The testimony to sustain the stated charge is not strong, but we will assume that it was sufficient. The great weight of the evidence points to the conclusion as the more reasonable that appellee struck the caboose at the rear end of the train after the crossing had been occupied by some thirty-five freight cars and a locomotive and tender, in all about one-fourth of a mile in length; and if this were true it would follow without further facts that appellee had no case. Gulf, M. N.R. Co. v. Addkison,
The accident occurred about nine o'clock on the night of February 16, 1940. It was raining slightly, some of the witnesses speaking of it as a drizzling rain. The cab of the truck was closed and the windshield wiper was in motion. The occurrence was in a remote section of the Town of Lumberton at Love's crossing and on a street extending eastwardly for about one thousand feet, before reaching the crossing. The railroad ran north and south, and the track in both directions from the crossing was straight for more than a quarter of a mile, and for this distance was open and easily visible at any point within seventy-five feet of the track when approaching the crossing from the west.

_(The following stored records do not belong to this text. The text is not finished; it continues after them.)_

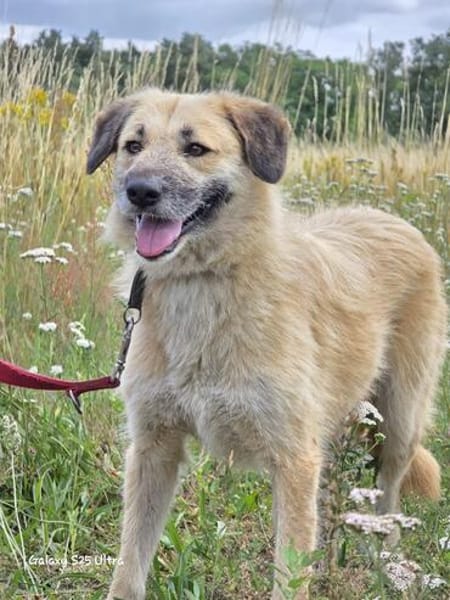 🐾 Missy  liebevolle Hündin sucht ein Zuhause als Zweithund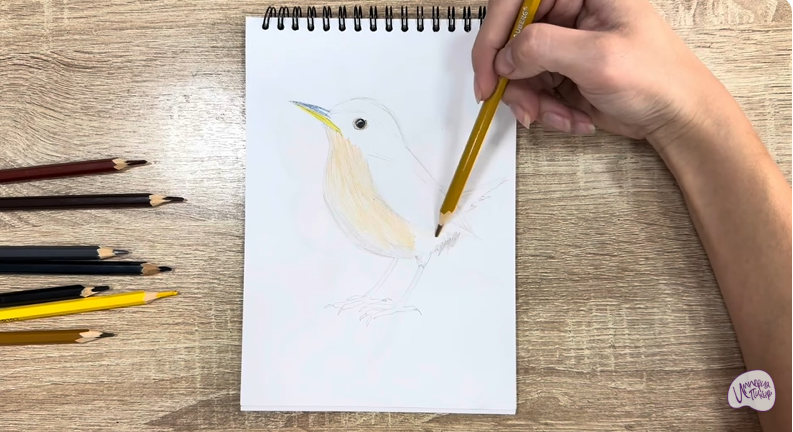 Рисуем Крапивник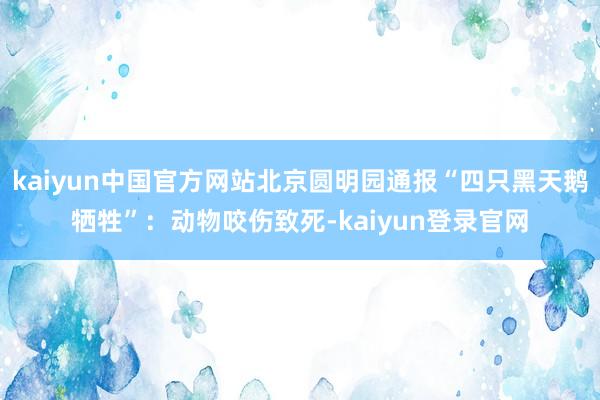 kaiyun中国官方网站北京圆明园通报“四只黑天鹅牺牲”：动物咬伤致死-kaiyun登录官网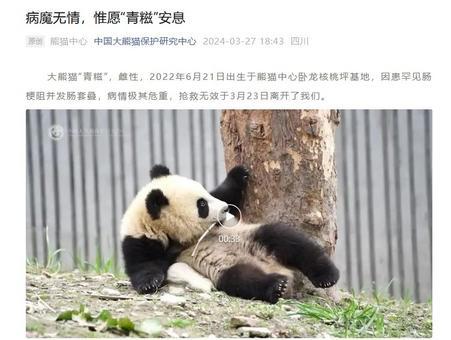 大熊猫“青糍”因患罕见肠梗阻并发肠套叠去世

Appellee's story is that he entered upon this west to east street, and continued eastwardly thereon at the rate of twenty to twenty-five miles per hour and, without slowing down or looking or listening, ran into the locomotive or tender — he would not say which — and that he did not become aware of the presence of the train until he was within four to five feet of it. The train, as already mentioned, consisted of thirty-five cars and was about a quarter of a mile long. Its speed was about forty miles *310 per hour and its noise or roar was distinctly heard by one of appellee's witnesses who was more than a mile and a half away. Appellee was entirely familiar with the crossing and stated that he had been over it a thousand times. It is not questioned that the locomotive was equipped with the statutory electric headlight in full operation.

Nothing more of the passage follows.